Sous ses airs d’énième film de traque au tueur en série, Une affaire de détails (The Little Things) réussit à plonger son spectateur dans les circonvolutions d’une enquête atypique, moins tournée vers la nécessité d’une résolution à l’intrigue criminelle que sur les failles de ses propres protagonistes. Dans ce film de John Lee Hancock (The Highwaymen), il s’agit en effet moins de suivre la piste d’un meurtrier que de s’attacher à comprendre les raisons de la mise au ban du shérif adjoint Joe “Deke” Deacon incarné par Denzel Washington. Approché par un jeune capitaine de la criminelle (Rami Malek) qui compte sur son experience pour coincer un tueur sadique de jeunes femmes, le personnage de Deke est décrit comme un ancien détective usé et dévoyé, mésestimé et détesté par ses pairs pour une raison que le script tient longtemps sous silence. En s’attachant à sa trajectoire plus qu’à celle du jeune capitaine Baxter, le réalisateur privilégie une atmosphère urbaine à la lisière du fantastique puisque ponctuée par les apparitions de jeunes femmes dont on devine qu’elles ne sont que les fantômes hantant le détective.

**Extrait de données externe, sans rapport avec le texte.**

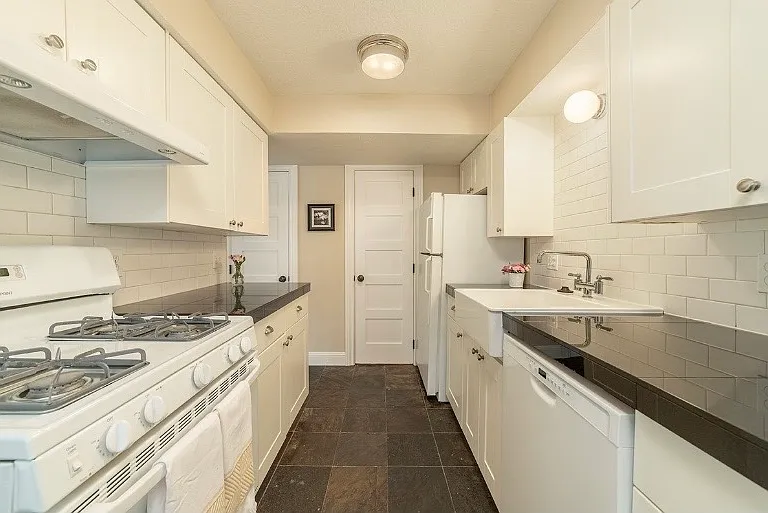 1449 SW Montgomery St #2 — Photo 2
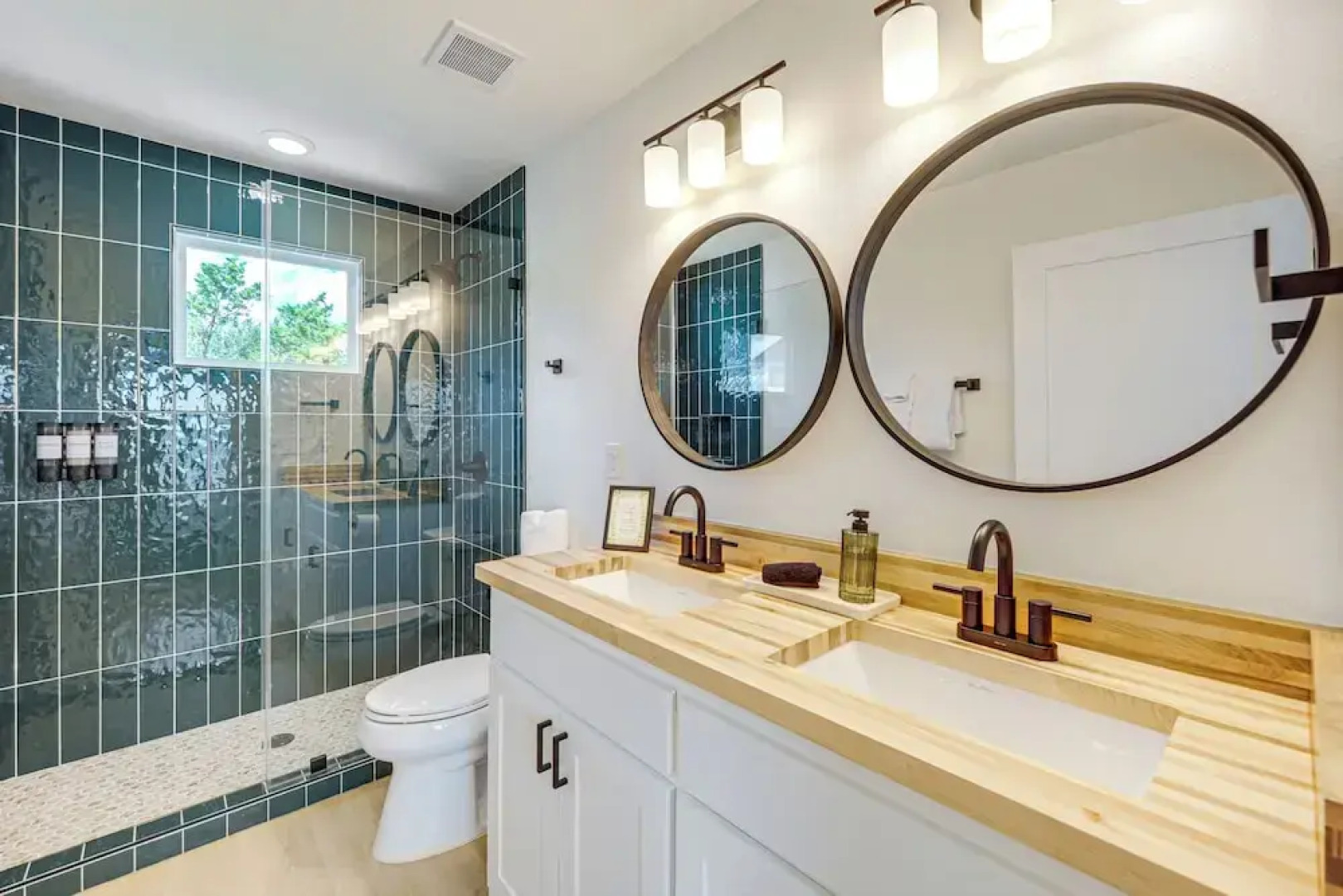 7 Mi to Dtwn Dripping Springs: Home w/ Views!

Cette portraiture de flic abimé n’a en soit rien d’original et le duo formé avec l’autre enquêteur n’apporte que peu de choses pour nourrir véritablement l’intrigue. C’est grâce à l’entrée en scène de son antagoniste que l’intrigue prend véritablement son essor. Potentiel suspect et coupable tout désigné, le personnage d’Albert Sparma incarné par Jared Leto prend un malin plaisir à se jouer des deux enquêteurs, jusqu’à pousser le vice à la limite d’un jeu de dupes meurtrier. À deux doigts de sa résolution, l’intrigue prend en effet un tour inattendu et se concentre moins sur la certitude de l’identité du tueur que sur la psychologie obsessionnelle de deux flics clairement rongés par le doute et la culpabilité, enterrant leur bavure au beau milieu d’un terrain vague perdu dans le désert. Il s’agira ici moins de résoudre le mystère et l’enjeu à la base de tout thriller criminel (Qui est le tueur ? Sera-t-il mis hors d’état de nuire ?) qu’à évoquer l’idée que le meurtre découle parfois d’un long chemin tortueux, parfois pavé des meilleures intentions. Le problème étant que le film d’Hancock, tout aussi classieux et surprenant soit-il, se permet parfois de prendre des chemins de traverse un peu trop évidents. Ainsi du caractère quasi omniscient de Sparma (le personnage semble toujours voir venir les deux flics, voir les scènes de l’autoroute et de l’effraction de l’appart) ou ce final peu crédible au cours duquel un des deux enquêteurs accepte de jouer trop facilement le jeu de celui qu’il lui tarde de coincer.

Habitué aux rôles de personnages abîmés et de fins limiers, Denzel Washington nous livre une bonne prestation face à un Rami Malek toujours talentueux mais dont le rôle manque cruellement d’épaisseur. Face à eux, Jared Leto s’amuse comme un fou en incarnant un sociopathe aussi implacable que flegmatique et manipulateur, et dont le discours et l’allure clignent ouvertement de l’œil à Charles Manson (ce n’est d’ailleurs pas pour rien que le personnage de Leto possède chez lui un livre dont le titre Helter Skelter, titre d’une chanson des Beatles, fait ouvertement référence au chaos et à la guerre raciale annoncée par le gourou à ses disciples).
Grand habitué des rôles de transformation (ici lentilles noires, cheveux longs et bide à bière), Jared Leto nous épargne son cabotinage habituel et compose un antagoniste atypique et mémorable, dont la trajectoire, couplée à celle du jeune détective, emprunte pour beaucoup à la dualité concluant le Seven de Fincher. À ceci près que ce dernier film se terminait sur une résolution certaine et définitive, très loin de l’incertitude qui conclut ce petit polar tortueux où le diable se trouve bien dans les détails.